1. MmeC..., ressortissante algérienne née le 13 juin 1982, est entrée en France, selon ses déclarations, le 21 janvier 2010, sous couvert d'un visa de court séjour. Par une décision du 15 octobre 2010, le directeur général de l'Office français de protection des réfugiés et apatrides a rejeté sa demande de reconnaissance du statut de réfugié. Mme C... a ensuite fait l'objet, le 26 avril 2011, d'un refus de séjour assorti d'une obligation de quitter le territoire français, qu'elle n'a pas contesté. Puis, en raison du pacte civil de solidarité conclu le 19 mai 2014 avec un ressortissant français, elle a bénéficié d'un certificat de résidence algérien au titre de la vie privée et familiale, valable jusqu'au 24 mars 2016. Après la rupture le 13 juillet 2015 de ce pacte civil de solidarité, Mme C...vit dorénavant en concubinage avec un compatriote, titulaire d'un certificat de résidence algérien valable dix ans, obtenu en qualité de conjoint d'une ressortissante française. Le 8 mars 2016, Mme C...a déposé une demande de renouvellement de son certificat de résidence algérien sur le fondement des stipulations du 5° de l'article 6 de l'accord franco-algérien. Mme C... relève appel du jugement n°1603354 du 3 février 2017 par lequel le tribunal administratif de Toulouse a rejeté sa demande tendant à l'annulation de l'arrêté du 29 juin 2016 par lequel le préfet de la Haute-Garonne a refusé de renouveler son certificat de résidence algérien, l'a obligée à quitter le territoire français dans un délai de trente jours et a fixé le pays à destination duquel elle serait reconduite à l'issue de ce délai.

Sur la légalité de l'arrêté du 29 juin 2016 :

En ce qui concerne l'arrêté pris dans son ensemble :

2. La requérante reprend en appel le moyen déjà soulevé en première instance tiré du défaut de motivation de l'arrêté attaqué. Toutefois, l'arrêté litigieux mentionne, avec une précision suffisante pour permettre à l'appelante d'en comprendre les motifs et, dépourvue de caractère stéréotypé, les considérations de droit et de fait qui constituent le fondement des différentes décisions qu'il comprend. Il ne ressort pas plus des pièces du dossier, notamment de la motivation de l'arrêté attaqué, que le préfet se serait abstenu de se livrer à l'examen sérieux de la situation de MmeC.... Par suite, ces moyens doivent être écartés.

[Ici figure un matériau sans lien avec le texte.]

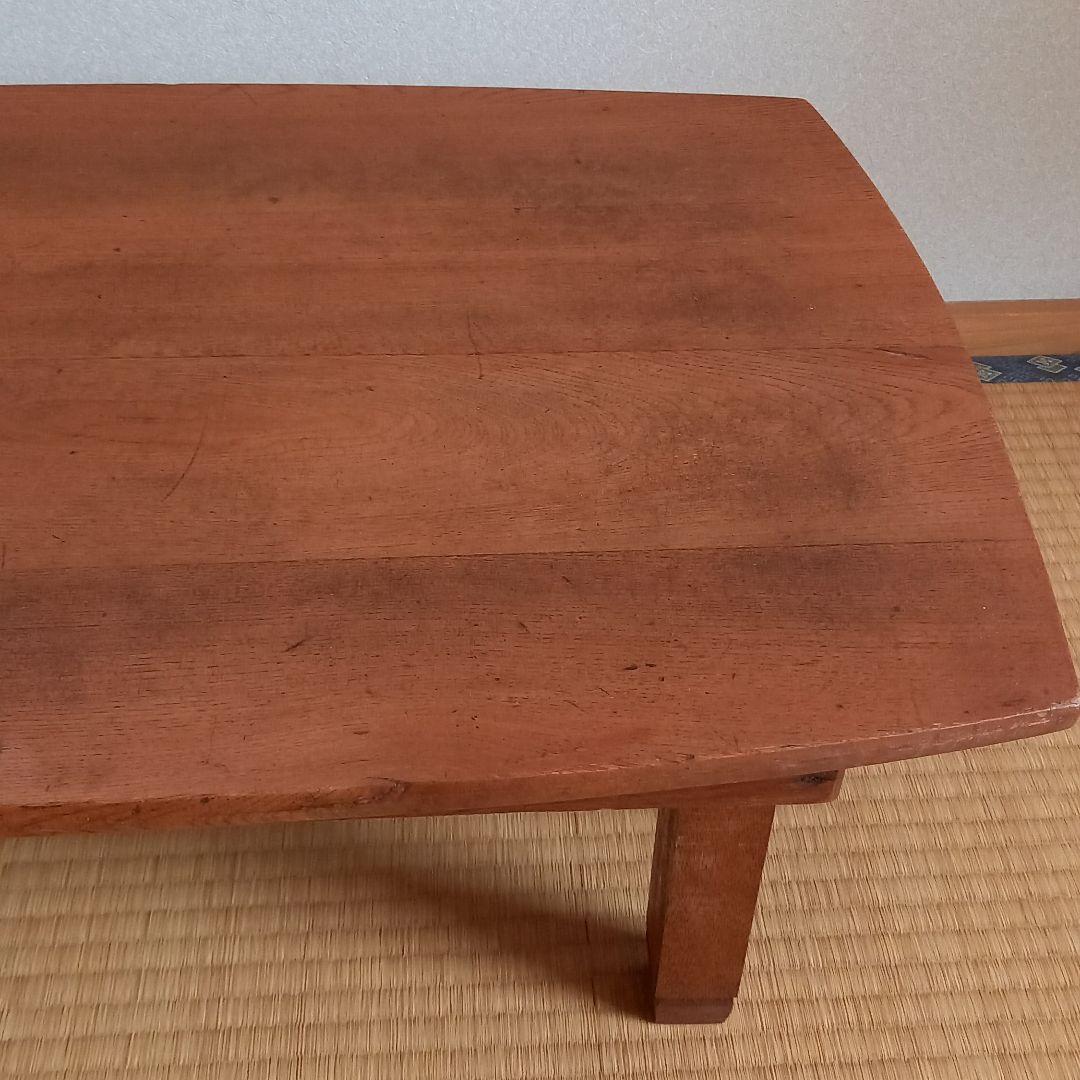 折り畳み式昭和レトロ座卓 昭和レトロ 折りたたみ式 木製長方形座卓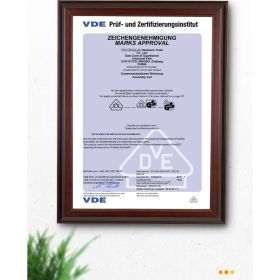 Диэлектрические удлиненные плоскогубцы DELI dl512106 160мм (сертификат vde до 1000в, сталь cr-v, рукоять pp+tpr) 110601 (артикул 28216508) – фото 7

En ce qui concerne le refus de renouvellement du certificat de résidence algérien :

3. Aux termes de l'article 8 de la convention européenne de sauvegarde des droits de l'homme et des libertés fondamentales : " 1. Toute personne a droit au respect de sa vie privée et familiale, de son domicile et de sa correspondance. 2. Il ne peut y avoir ingérence d'une autorité publique dans l'exercice de ce droit que pour autant que cette ingérence est prévue par la loi et qu'elle constitue une mesure qui, dans une société démocratique, est nécessaire à la sécurité nationale, à la sûreté publique, au bien-être économique du pays, à la défense de l'ordre et à la prévention des infractions pénales, à la protection de la santé ou de la morale, ou à la protection des droits et libertés d'autrui. ". Aux termes de l'article 6 de l'accord franco-algérien : " (...) Le certificat de résidence d'un an portant la mention " vie privée et familiale " est délivré de plein droit : (...) 5° au ressortissant algérien, qui n'entre pas dans les catégories précédentes ou dans celles qui ouvrent droit au regroupement familial, dont les liens personnels et familiaux en France sont tels que le refus d'autoriser son séjour porterait à son droit au respect de sa vie privée et familiale une atteinte disproportionnée au regard des motifs du refus (...) ".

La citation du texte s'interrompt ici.